You do a great deal of work to get to this point and then you throw it all away because, in the end, you can’t ask for the business.  Or at least that’s what others would have you believe.

This is a combination of a fear of rejection and a fear of being wrong.  You don’t want to ask for the business and get a “no” aka rejection.  Plus you don’t want to anticipate a “yes” based on your conversation only to discover you were wrong about what the other person was thinking and their buyer readiness.

Setting Yourself Up for “No”

 

In spite of what you’ve been told you can’t close a potential buyer who isn’t ready to buy.  And when you try to force a potential buyer who isn’t ready to buy to a close it gets real ugly.  Unfortunately, you do things that set yourself up for a “no”.  Things like…

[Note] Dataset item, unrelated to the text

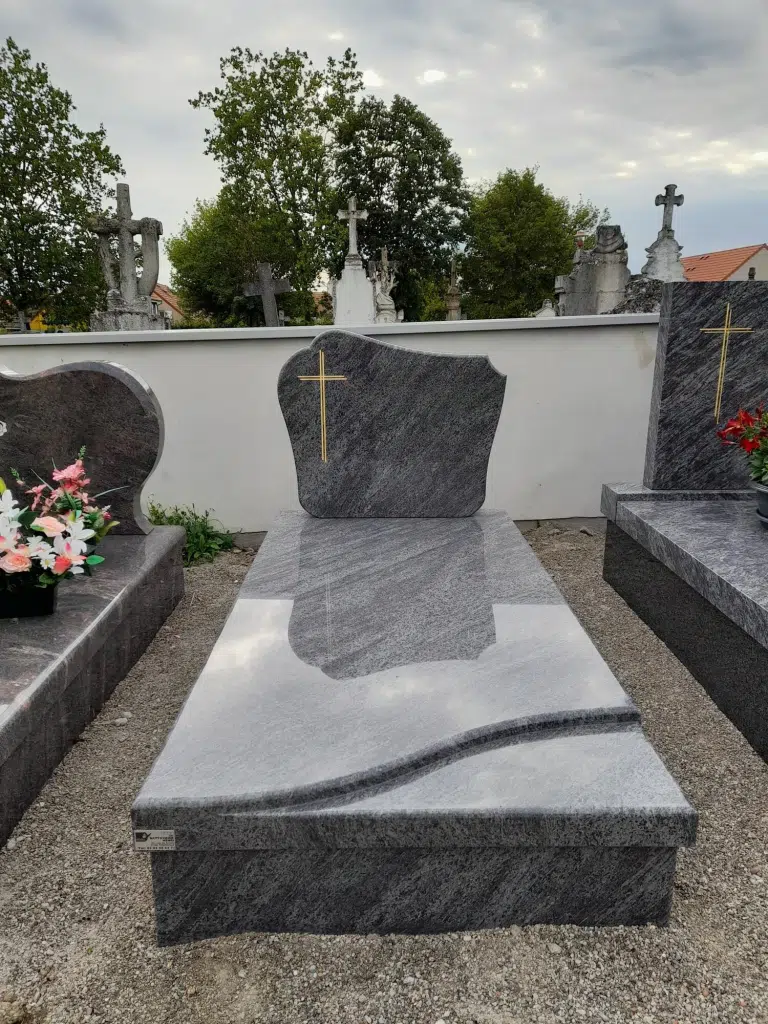 Pierre tombale en granit gris avec gravure dorée d'une croix chrétienne.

  • You try to sell someone who never even agreed to a sales conversation with you.
  • You fail to make a good connection with the other person so you’re constantly battling resistance.
  • You bore the other person by talking about things they don’t care about.
  • You confuse the potential buyer with too many choices and options.
  • You offer the wrong solution because you didn’t understand what the potential buyer wants.
  • You fail to help the potential buyer discover what they need to know to make a buying decision.
  • You don’t help the potential buyer identify a reason to buy now.

Plus sometimes you lack confidence in your stuff.  You aren’t sure your stuff can make good on the promises you make.  Sometimes you even lack confidence in your own ability to do what you say you’ll do.

What You Must do to Get “Yes”

 

When you fail to close the people who really need your stuff you’re cheating yourself out of income and, more importantly, you’re cheating those people out of getting what they want.  Closing shouldn’t be a shift in gears.  Closing should be a natural conclusion to the sales conversation.  Here’s how you make that happen:

  • Only hold sales conversations with people who have expressed a need for what your stuff can do for them.
  • Help the prospect tell you what the best solution for them would be like.
  • Help the prospect tell you the real value of that solution for them.
  • Help the prospect uncover their motivating reason for buying now.
  • Find out if they were to make a decision about something like this who else, if anyone, they would want to confer with.

When you make a good connection with a potential buyer and you’re having a good conversation there’s one more thing you can do to make closing a natural event.  That one thing is to actively engage the other person.  You engage buyers when you invite them to:

  • write things down
  • prioritize concerns
  • make small choices

sales smiles
Creative Commons License photo credit: fauxto_digit

When you do all these things there’s no guessing.  You know when the other person is ready to buy.  Your new buyer only needs to decide when they want to start and how they want to pay.